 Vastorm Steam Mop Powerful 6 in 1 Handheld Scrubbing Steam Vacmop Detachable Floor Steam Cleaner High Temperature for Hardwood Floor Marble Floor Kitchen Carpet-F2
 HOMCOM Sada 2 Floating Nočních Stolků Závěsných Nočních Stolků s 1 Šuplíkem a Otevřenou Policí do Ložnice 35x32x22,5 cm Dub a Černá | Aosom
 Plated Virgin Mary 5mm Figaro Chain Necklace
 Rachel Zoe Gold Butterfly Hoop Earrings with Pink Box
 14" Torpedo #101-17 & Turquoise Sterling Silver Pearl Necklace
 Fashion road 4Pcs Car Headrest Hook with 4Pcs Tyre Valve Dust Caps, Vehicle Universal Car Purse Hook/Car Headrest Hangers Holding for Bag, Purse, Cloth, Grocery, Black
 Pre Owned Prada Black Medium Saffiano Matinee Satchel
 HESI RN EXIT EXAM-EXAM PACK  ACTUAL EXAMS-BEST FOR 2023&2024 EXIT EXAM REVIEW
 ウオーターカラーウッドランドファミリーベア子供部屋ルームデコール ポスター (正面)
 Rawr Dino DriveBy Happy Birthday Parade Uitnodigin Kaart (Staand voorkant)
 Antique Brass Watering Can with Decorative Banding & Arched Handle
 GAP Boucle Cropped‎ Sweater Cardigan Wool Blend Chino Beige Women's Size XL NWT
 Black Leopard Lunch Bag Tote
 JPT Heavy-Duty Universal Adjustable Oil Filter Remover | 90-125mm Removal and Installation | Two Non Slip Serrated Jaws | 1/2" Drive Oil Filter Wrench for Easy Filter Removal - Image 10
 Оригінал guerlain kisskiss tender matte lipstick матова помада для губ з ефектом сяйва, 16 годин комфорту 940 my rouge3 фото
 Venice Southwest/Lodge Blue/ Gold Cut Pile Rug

┄┄┄┄┄┄┄┄┄┄

## [Work item]
In the entries above, the lines from the one bearing "Plated Virgin Mary 5mm Figaro Chain Necklace" up to and including the one bearing "Black Leopard Lunch Bag Tote" should be transcribed exactly; no other line is wanted.

## [Written response]
 Plated Virgin Mary 5mm Figaro Chain Necklace
 Rachel Zoe Gold Butterfly Hoop Earrings with Pink Box
 14" Torpedo #101-17 & Turquoise Sterling Silver Pearl Necklace
 Fashion road 4Pcs Car Headrest Hook with 4Pcs Tyre Valve Dust Caps, Vehicle Universal Car Purse Hook/Car Headrest Hangers Holding for Bag, Purse, Cloth, Grocery, Black
 Pre Owned Prada Black Medium Saffiano Matinee Satchel
 HESI RN EXIT EXAM-EXAM PACK  ACTUAL EXAMS-BEST FOR 2023&2024 EXIT EXAM REVIEW
 ウオーターカラーウッドランドファミリーベア子供部屋ルームデコール ポスター (正面)
 Rawr Dino DriveBy Happy Birthday Parade Uitnodigin Kaart (Staand voorkant)
 Antique Brass Watering Can with Decorative Banding & Arched Handle
 GAP Boucle Cropped‎ Sweater Cardigan Wool Blend Chino Beige Women's Size XL NWT
 Black Leopard Lunch Bag Tote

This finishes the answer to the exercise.